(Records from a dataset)
──────────
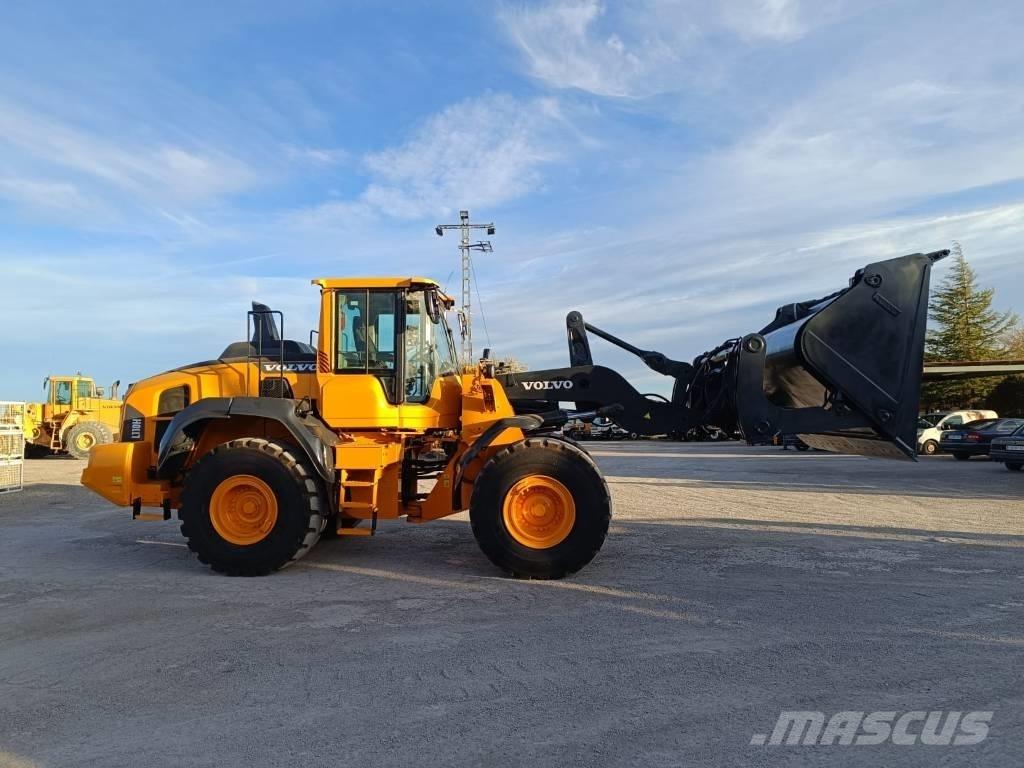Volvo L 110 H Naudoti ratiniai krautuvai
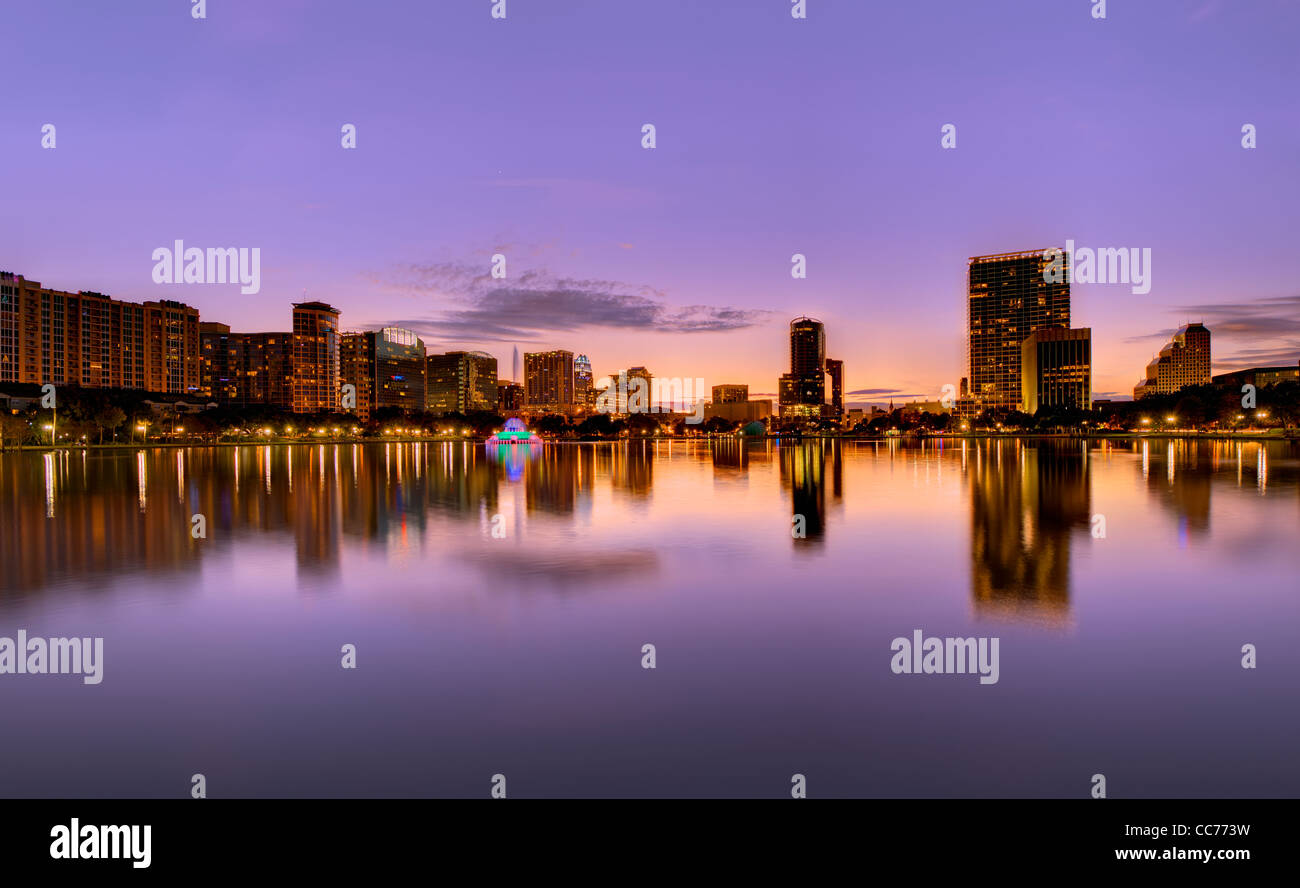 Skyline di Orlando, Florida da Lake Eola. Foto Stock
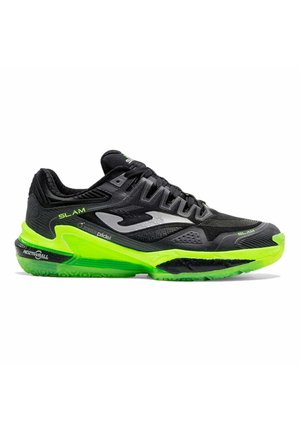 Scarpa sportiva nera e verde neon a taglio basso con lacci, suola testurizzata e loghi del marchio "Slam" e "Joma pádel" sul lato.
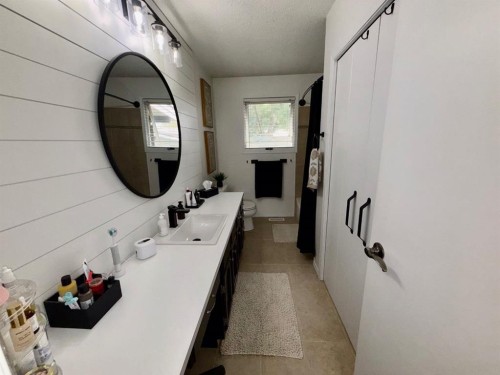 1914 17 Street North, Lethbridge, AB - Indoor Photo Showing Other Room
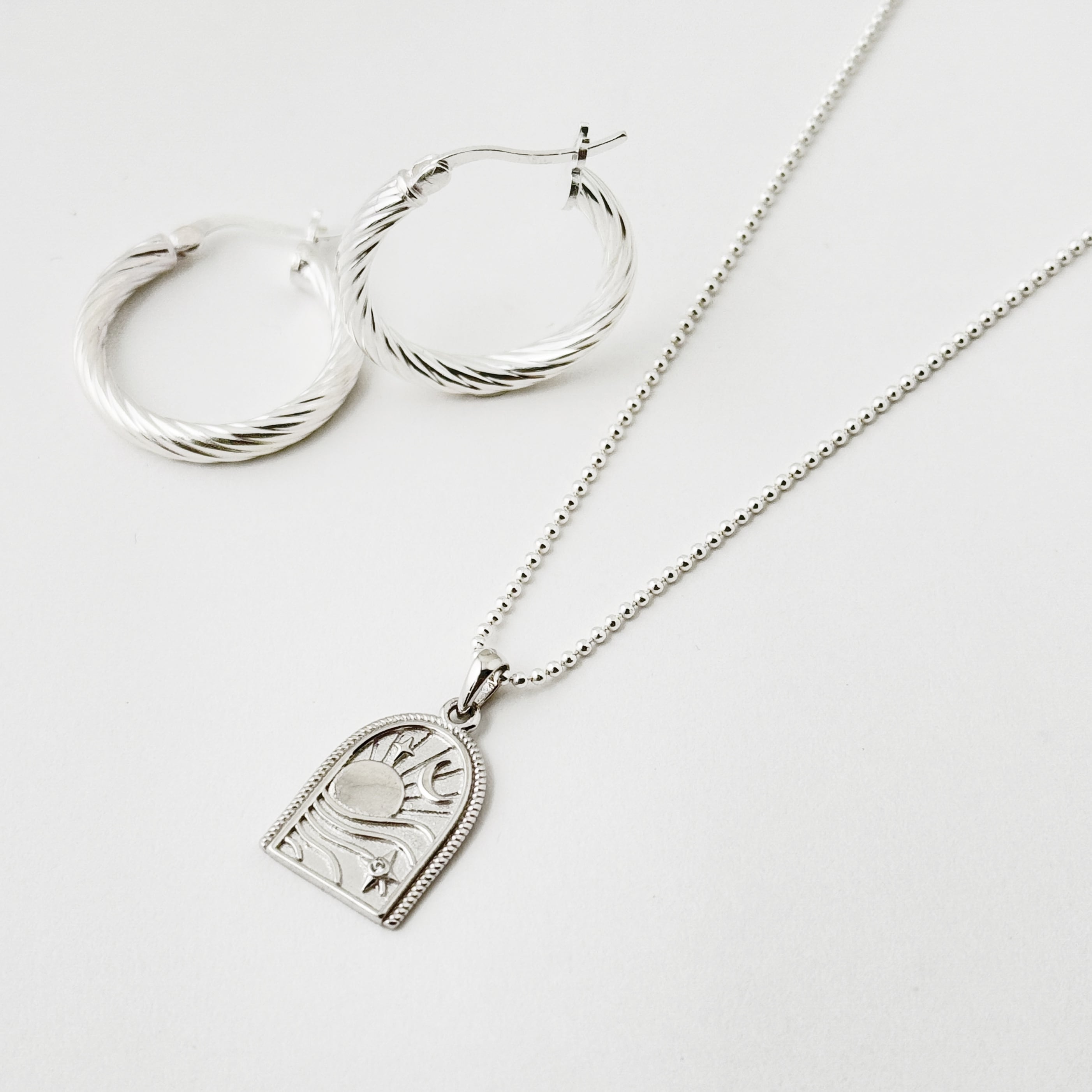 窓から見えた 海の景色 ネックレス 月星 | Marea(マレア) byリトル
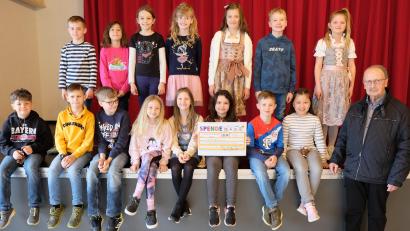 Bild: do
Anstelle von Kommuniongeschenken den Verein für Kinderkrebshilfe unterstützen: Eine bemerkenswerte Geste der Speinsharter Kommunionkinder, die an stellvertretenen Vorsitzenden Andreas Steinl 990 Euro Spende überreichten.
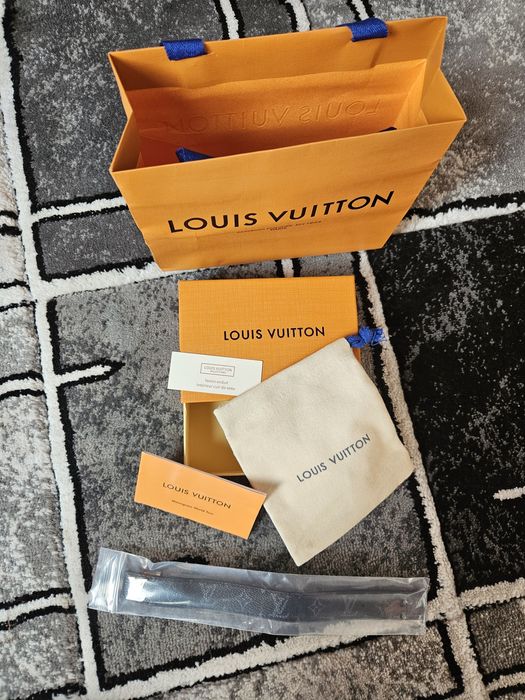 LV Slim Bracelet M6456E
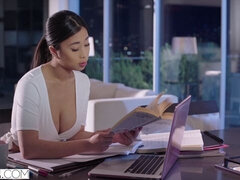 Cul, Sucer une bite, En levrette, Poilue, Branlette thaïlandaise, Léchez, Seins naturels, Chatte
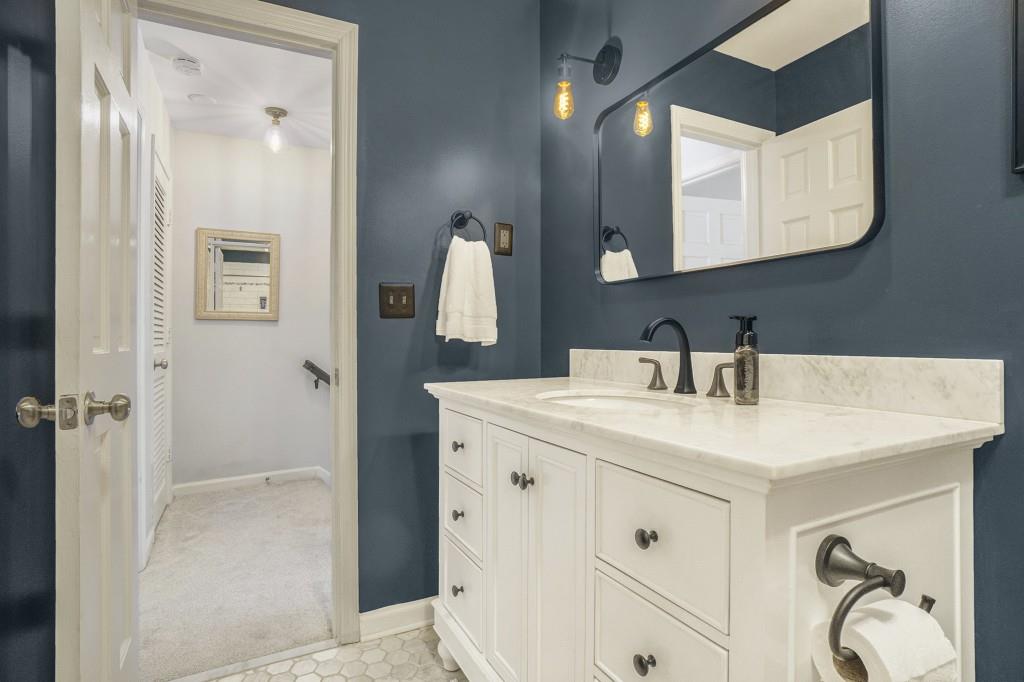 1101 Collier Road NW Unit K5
──────────
### Exercise description
Each line from the first line of the entries through the line containing "LV Slim Bracelet M6456E" should be duplicated word for word, and nothing more; the pictures stay out.

### Response box
Volvo L 110 H Naudoti ratiniai krautuvai
 Skyline di Orlando, Florida da Lake Eola. Foto Stock
 Scarpa sportiva nera e verde neon a taglio basso con lacci, suola testurizzata e loghi del marchio "Slam" e "Joma pádel" sul lato.
 1914 17 Street North, Lethbridge, AB - Indoor Photo Showing Other Room
 窓から見えた 海の景色 ネックレス 月星 | Marea(マレア) byリトル
 Bild: do
Anstelle von Kommuniongeschenken den Verein für Kinderkrebshilfe unterstützen: Eine bemerkenswerte Geste der Speinsharter Kommunionkinder, die an stellvertretenen Vorsitzenden Andreas Steinl 990 Euro Spende überreichten.
 LV Slim Bracelet M6456E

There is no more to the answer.